The function of notifying the user about a file size change will also be available if an existing file on the drive is replaced with a new one with the same name. The functionality of the device provides a "read-only" mode to protect against unauthorized copying of information to the drive when working on a PC infected with viruses.

To cut off spy devices, "Key_P1" filters service commands sent to drives, which provides protection against infecting the drive with a hardware virus, and the "Key_P1" device analyzes the descriptor table sent by the drive and, based on this information, drives are blocked, which are trying to present themselves to the PC system as a combined device (such as a keyboard and a storage device) or any other device other than a storage device.

Let's consider the implementation of the device at the circuit level.
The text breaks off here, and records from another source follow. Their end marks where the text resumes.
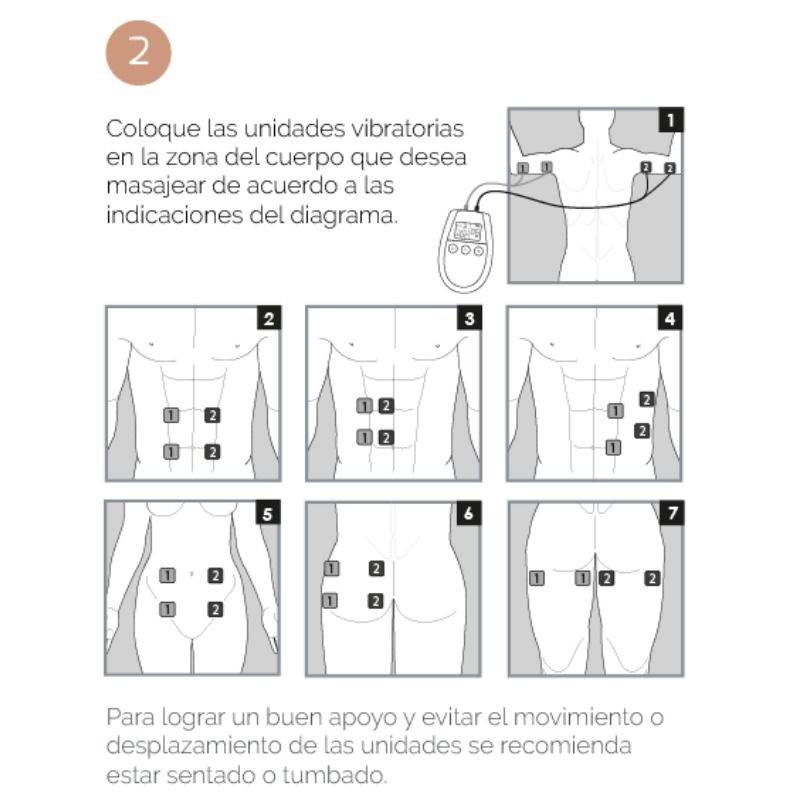 500COSMETICS U Tonic Electrostimulation Tonification Réaffirmation Mus... — vue détaillée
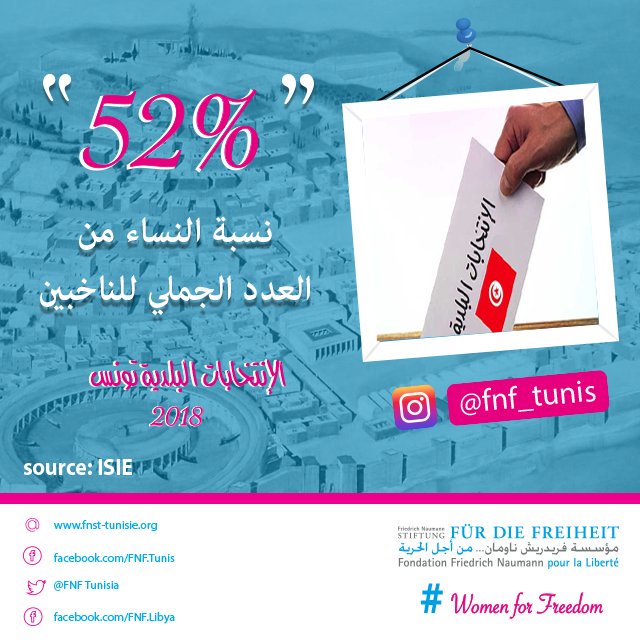 FNFTunisia's tweet photo. المرأة التونسية تساهم في بناء الديمقراطية من خلال مشاركتها في #الانتخابات #البلدية #2018.
#womenforfreedom #freedom #Municipales #نساء #WomenEmpowerment https://t.co/EltSI6DJBy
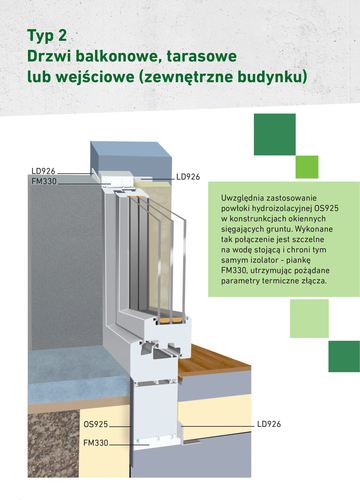 Płynny wariant szczelnego montażu okien na bazie unikalnej powłoki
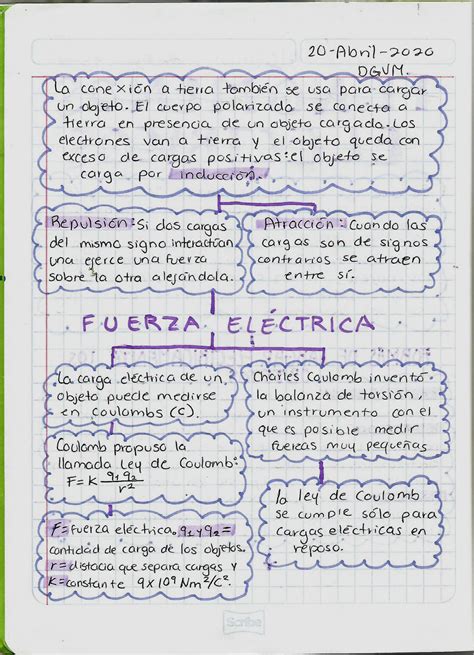 Solution Apuntes Electricidad F Sica Y Linea Del Tiempo Del Atomo Top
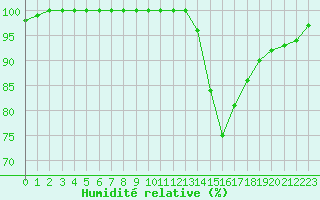 Courbe de l'humidit relative pour Metz-Nancy-Lorraine (57)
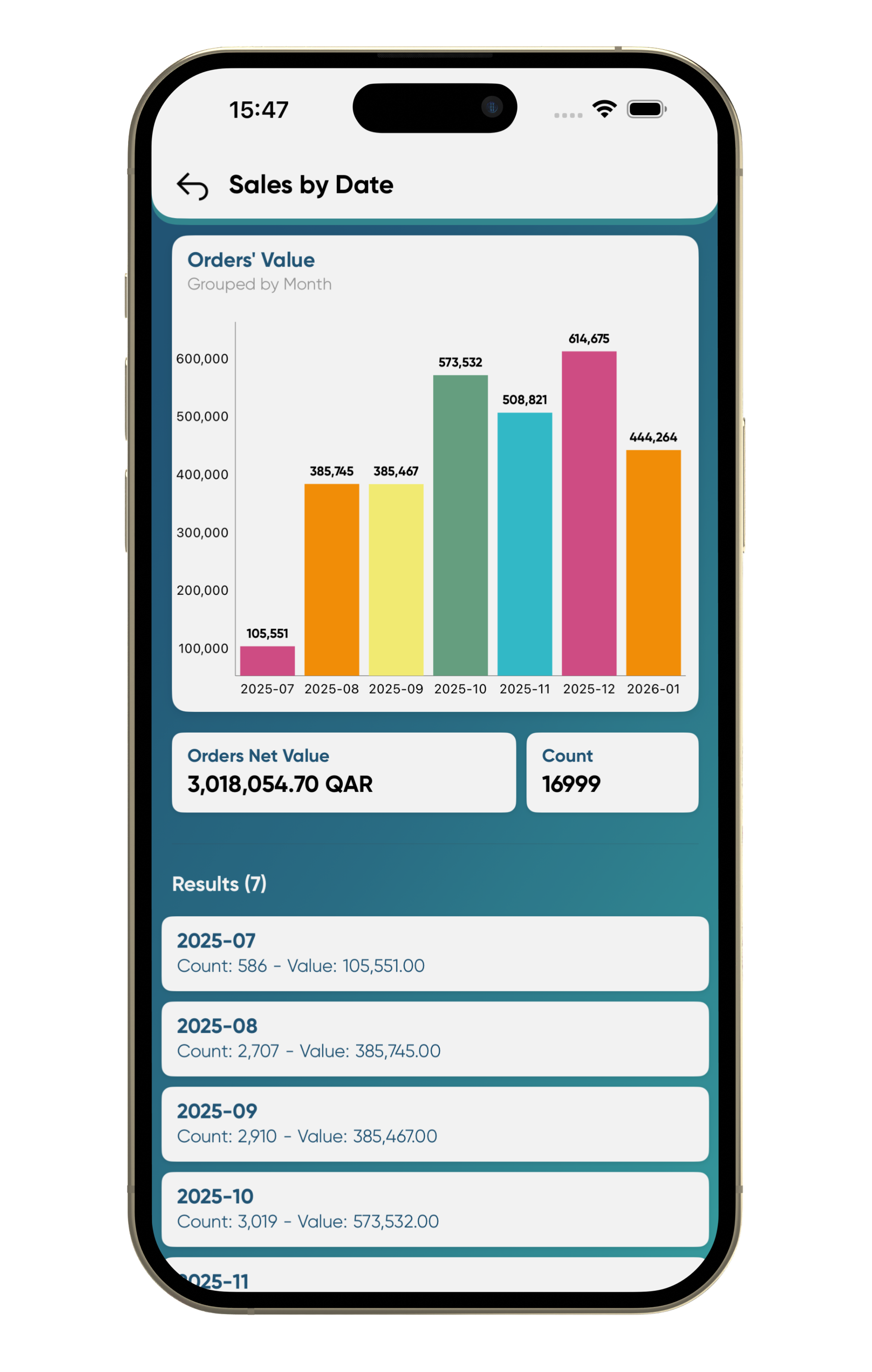 Jasmine RMS - Jasmine Manager Mobile App - Full Sales Reports and Dashboards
The device is based on the Russian multicellular processor P1. To interact with the USB host interface, the stm32f205 processor is introduced into the circuit. The multicellular processor is clocked by the stm32f205 processor, the firmware is loaded via the spi interface. The P1 processor takes over all the basic functions of encrypting and hashing information. One of the interesting features of most encryption algorithms is their good parallelism. Due to this fact, it is rational to use a processor with hardware parallelization of operations.


As a result of the modernization of the device, the following scheme is assumed:

Interaction with USB host can be provided by FTDI chip.
The device has connectors that allow you to work with USB drives and microSD, SD cards.

Advantages:

  • encryption with a large set of keys at the hardware level by sectors of the drive
  • control of service commands between PC and drive
  • storing a pair "login-password"
  • read-only operation
  • support for USB drives, SD, microSD cards
  • work with an unlimited number of drives
  • corporate version
  • the ability to recover information

Disadvantages: not a specialized case, lack of protection against opening (Although protection against opening is not decisive for such habr users as BarsMonster :)

P.S. As an additional functionality, the idea of ​​creating an application for secure exchange was considered, by analogy with skype, qip, but only directly, to specific users without a connecting server, but for some reason, it was decided not to touch this area.
In addition, on March 25, a project started on Kickstarter.com dedicated to this device.